À la suite d’une menace de suppression de postes, il occupe son usine. C’est la nuit. Veste en cuir brun sur le dos, il fait les cent pas en feuilletant les pages jaunies de L’Huma. Il repense à sa première action militante. C’était en 1947, l’année de ses 15 ans. Dans sa tête, ça bout, à l’image de la cafetière qu’il a mis en route et qui fait couler le café. Mais il ne faut pas que Karim s’écarte de son objectif premier : «garder la porte» comme il dit, pendant que ses collègues sont à l’AG.

Il se trouve que le patron de l’usine d’automobiles dans laquelle il travaille veut virer 50 types. Pas question de se laisser faire. Ils ont donc décidé de l’occuper. Et Karim et ses camarades prolos vont se battre avec force, avec foi, pour défendre bec et ongles leurs emplois. «Faut pas qu’ils lâchent, les gars !», répète-t-il d’un ton déterminé.

1947, c’est également l’année où Karim adhère au Parti communiste, où il se passionne pour la course durant cette période de grandes grèves. Encouragé par son collègue Joseph qui l’a présenté à Renzo, l’entraîneur de la FSGT, il finira même 2e de la course juniors du cross de L’Huma, une institution à l’époque. Cinq mille coureurs dans le bois de Vincennes, fallait voir ça ! Ses héros d’alors se nomment Alain Mimoun («Ould Kacha», Français d’Algérie comme lui, mais… gaulliste) et Emil Zátopek («la Locomotive tchèque»).

Seul dans son usine, Karim se désole de la situation du coureur Emil Zátopek, rétrogradé par le régime communiste. «Ils lui font ramasser les poubelles, maintenant», souffle-t-il. Pas que le métier d’éboueur soit dégradant, ça non. Mais c’est vécu comme une punition, un affront pour celui qui a tant donné à la nation (quadruple champion olympique aux Jeux de 1948 et 1952, dont un triplé historique 5 000 m, 10 000 m, marathon aux JO d’Helsinki).

Avec son allure dégingandée, son crâne déplumé, Emil n’était pas beau à voir, mais il courait vite. Et surtout longtemps. Quand vous courez à ses côtés, «le piège, c’est que vous savez jamais s’il court ou s’il se repose. Je vous jure que c’est vrai. Vous savez pas…».
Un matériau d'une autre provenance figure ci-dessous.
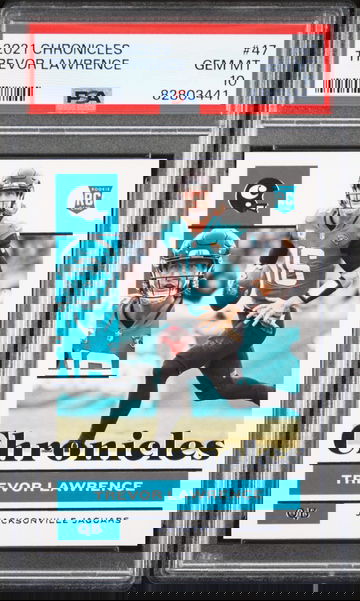  2022 Panini Chronicles Trevor Lawrence RC #47 Jacksonville Jaguars - PSA 10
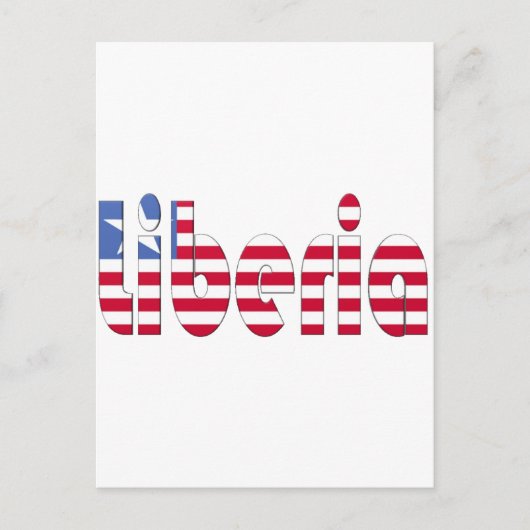 Liberia Briefkaart (Voorkant)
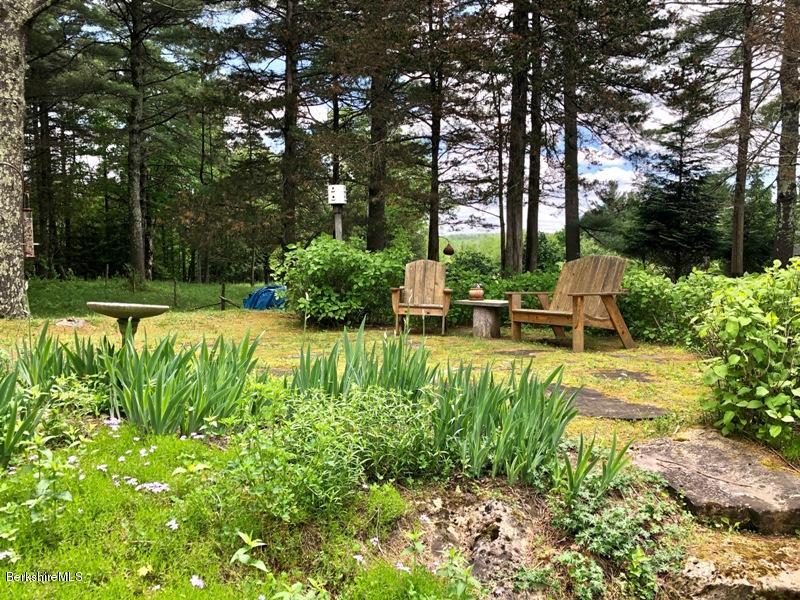 674 Foley Road Sheffield, MA 01257 - Photo 29 of 30 a view of a garden with plants and large trees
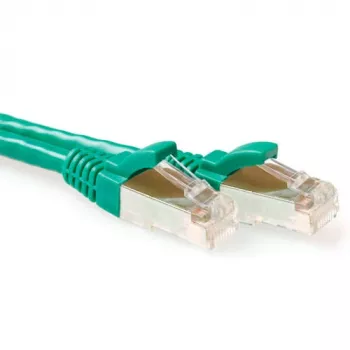ACT vihreä 30 metrin SFTP CAT6A -verkkokaapeli ilman lukituskielekettä RJ45-liittimillä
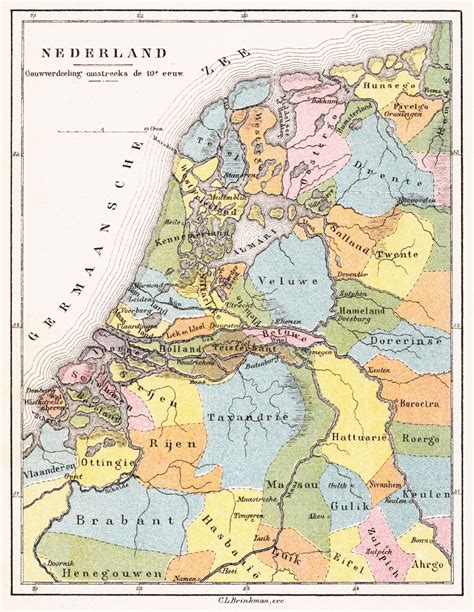 nederlandse gouwen omstreeks de  eeuw rthenetherlands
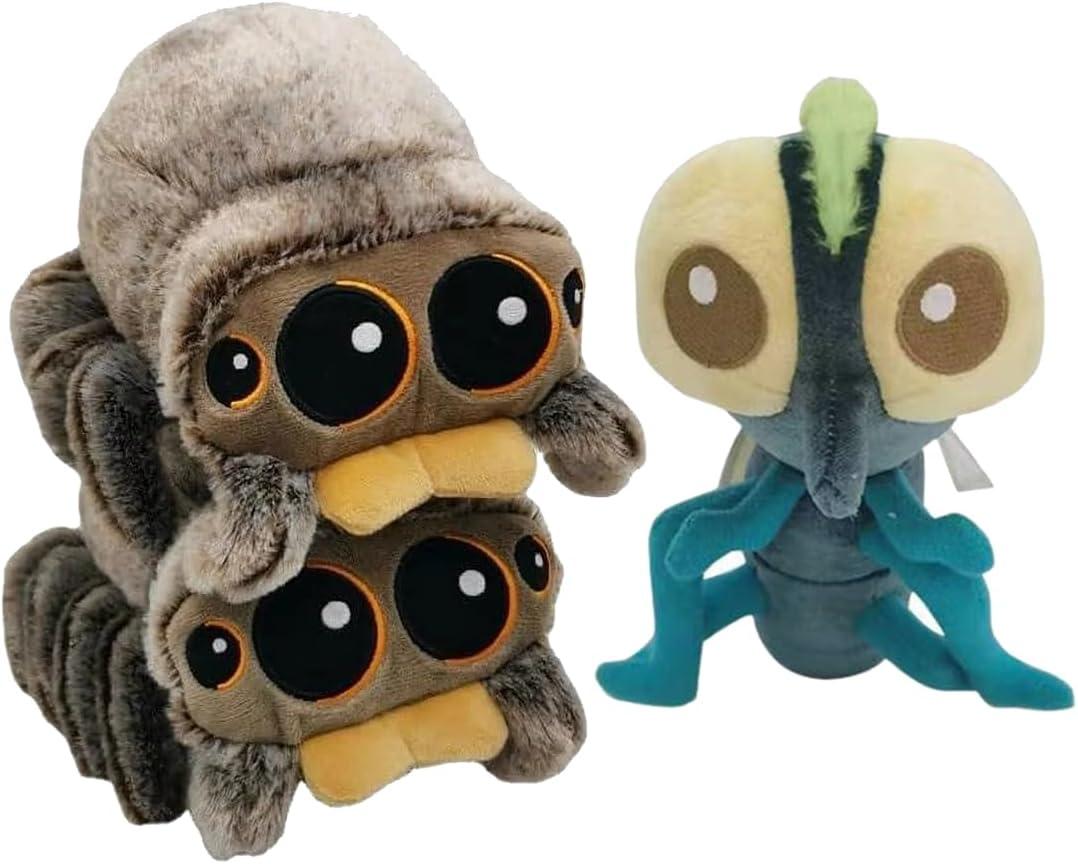 Spider Plush 6.9 inch Jumping Spider Stuffed Animal Plush Toy Soft Cute Spider Plushie Gift for Kids (3pcs)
Pour Bob Tahri, Zátopek est à jamais le pionnier

Zátopek, pourtant, a incarné auparavant mieux que quiconque ce grand coureur de l’ex-bloc de l’URSS, du peuple, de l’Internationale, des travailleurs. Un vrai communiste, un forçat de la route, un stakhanoviste acharné, précurseur de l’entraînement en course à pied. Notamment du fractionné, une des clefs de la progression. Figurez-vous que l’Emil était capable de s’enquiller une séance de 100*400 m (réalisés en 1’30 » en moyenne, avec environ un tour en deux minutes pour récupérer) dans la journée ! Oui, vous avez bien lu, messieurs, dames : pas 10, pas 20, pas 30 mais bien 100 répétitions ! Bref, c’était un fou furieux ce mec !
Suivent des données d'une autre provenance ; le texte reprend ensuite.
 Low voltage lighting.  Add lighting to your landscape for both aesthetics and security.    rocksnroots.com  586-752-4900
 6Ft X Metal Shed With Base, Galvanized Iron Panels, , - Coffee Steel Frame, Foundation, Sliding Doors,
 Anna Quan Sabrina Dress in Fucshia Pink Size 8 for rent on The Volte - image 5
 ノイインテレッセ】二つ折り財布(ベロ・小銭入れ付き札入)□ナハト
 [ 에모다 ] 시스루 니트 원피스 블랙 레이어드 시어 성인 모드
En compétition, l’Emil ne s’estimait jamais battu. Il était un lâche rien magnifique, comme lorsque ce jour de juillet 1948, aux JO de Londres, où alors qu’il est en 3e position de la finale du 5 000 m il piqua un sprint insensé, monumental. Il remonte Sluijkuis mais vient mourir à un souffle de Reiff. Il gagnait à un mètre près. Le monde entier s’interrogeait. «Qui était ce type ?» Ce type qui «bientôt, allait devenir bien plus qu’un coureur. Bien plus».

La preuve, lors de la discussion qui a suivi la pièce, Bob Tahri (alias le «Kényan blanc»), adjoint à la ville de Metz et ancien champion de demi-fond (notamment médaillé de bronze aux Mondiaux d’athlétisme en 2009 sur 3 000 m steeple), confiera, alors qu’il n’est pourtant pas du genre à collectionner ses récompenses pour un sou, avoir gardé précieusement le beau trophée de sa victoire au meeting d’Ostrava (le fameux Golden Spike) en 2005.

Car celui-ci, à ses yeux, a tout bonnement une saveur particulière : il a été glané de haute lutte dans le pays d’Emil Zátopek, bien plus qu’un coureur. Bien plus que le premier homme à couvrir plus de 20 kilomètres dans l’heure, à descendre sous les 29′ au 10 000 m. Un homme qui, a son époque, a reflété une certaine idée du sport ouvrier. Une légende, un héros des temps modernes, qui, comme l’a écrit joliment Jean Echenoz**, a participé à sa manière à la révolution. Qui se poursuit aujourd’hui. Et qui avance. Lentement mais sûrement. «Demi-seconde par demi-seconde.»

Ismaël Bouchafra-Hennequin

* La scène se déroule précisément en 1972.

** Voir notamment à ce sujet la belle biographie romancée consacrée à Emil Zátopek : Courir, de Jean Echenoz (2008).

Mimoun et Zátopek, de Vincent Farasse (1h15). Avec Ali Esmili. Collectif les Trois Mulets.

Pour en savoir plus :

– L’interview d’Ali Esmili, le comédien de la pièce Mimoun et Zátopek (vidéo)
– Le texte de la pièce Mimoun et Zátopek, écrite par Vincent Farasse, est disponible aux éditions Actes Sud
– Le documentaire La Légende d’Alain Mimoun de Benjamin Rassat (2010, vidéo)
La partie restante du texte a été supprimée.